As an engineering team grows it becomes imparitive that the leadership among that team grows to scale as well. We all know that organizing work on a product is difficult, but the organization of the engineering team specifically plays the most significant role in the overall developer experience. My personal experience up till this point has been to work mostly on projects or features either by myself or with a single other more senior developer. Over the last quarter I was given the temporary title of technical lead on a project with 4 other developers, which presented an extremely difficult learning opportunity for me.

My time as a developer has been marked by taking on research or projects on my own. I spent a good three months managing a set of contractors and then embarked on mostly solo projects. Organizing work for fully integrated team waa something completely foreign to me. This write up simply serves as a way to help solidfy some of what I learned and hopefully help other people in similar situations.

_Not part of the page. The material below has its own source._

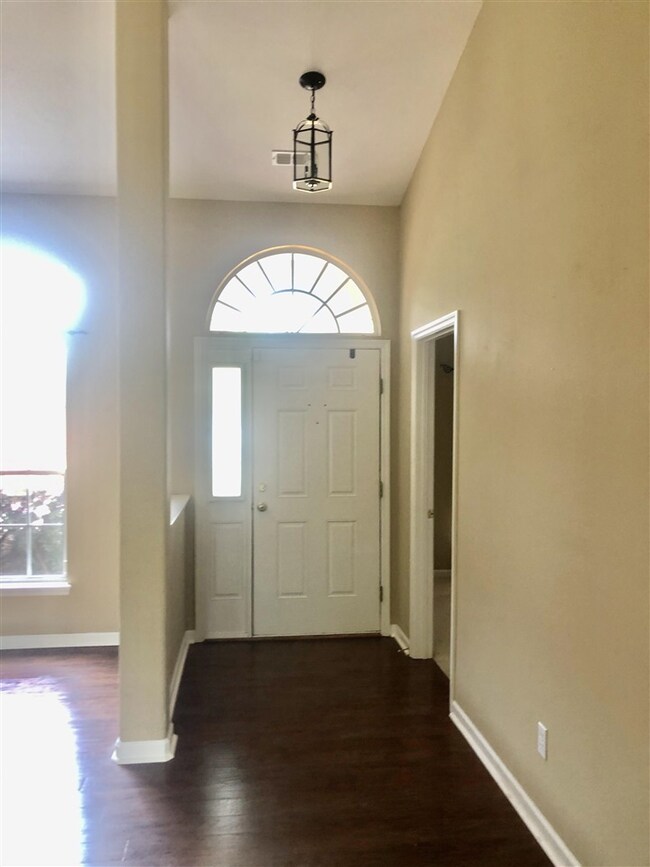 59 Equine Dr, Crawfordville, FL 32327 - photo 2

Theorizing Architecture is a Skill

The project I undertook this quarter was not a large full stack architectural effort, instead, it focused mainly on the frontend (React) of our application. We try to be very intentional about how we build components and UI elements to ensure that what needs to be reusable, can be, and that larger page or template type components recieve a quality composition focused structure for easy maintenance. This meant that embarking on a greenfield feature, required some forethought on how the different component API’s would work together and how we would handle the required data to accomplish the overall goal of what we wanted to build.

Herein lies the challenge: coming up with an architectural plan and executing it over the course of weeks.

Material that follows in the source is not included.